On the delineation of permissive tracts
The permissive tract for this deposit type is defined primarily by the distribution of intrusive rocks and suitable reactive host rocks, especially carbonate-bearing sedimentary rocks. It is made up of three east-trending belts in western Utah. The southernmost of the three is less deeply eroded than the other two, and any undiscovered replacement deposits in the south would most likely be concealed by the volcanic cover and alluvial cover. Aeromagnetic maps were employed to define areas of buried intrusive bodies.

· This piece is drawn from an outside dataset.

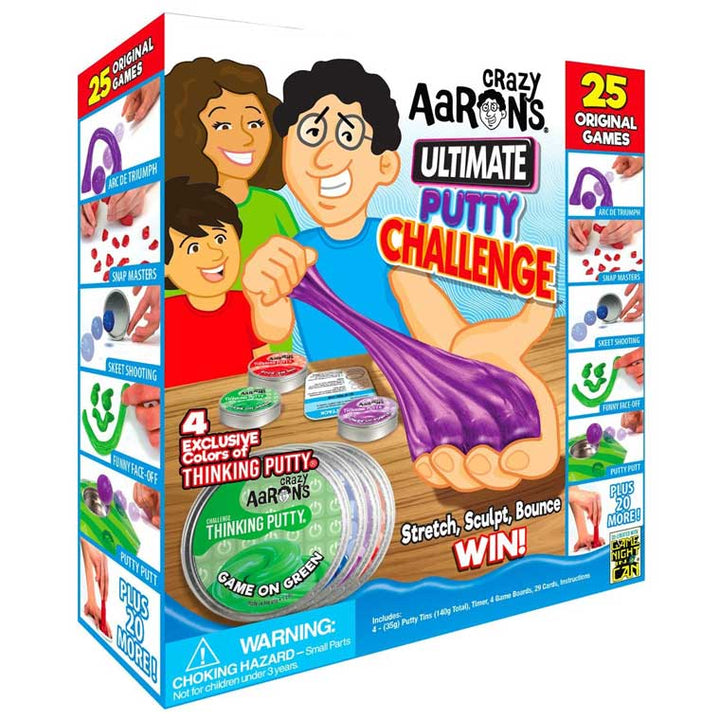 Ultimate Putty Challenge |  Thinking Putty® Game F2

Important examples of this type of deposit
Other than the Bingham Canyon porphyry copper deposit, polymetallic replacement (and associated vein deposits) comprise by far the most important type of metallic mineral deposits in Utah. Major districts are all in the north-central area of the permissive tract and are Park City, Little and Big Cottonwood, Bingham Canyon (Lark and U.S. mines), Ophir, American Fork, Stockton (Rush Valley), Tintic and East Tintic. Minor deposits within the north-central area include West Tintic, Detroit, Fish Springs, Lucin, Silver Island, and Gold Hill, and in the southern area, Preuss, Deer Trail, Bradshaw, Pine Grove, and Star.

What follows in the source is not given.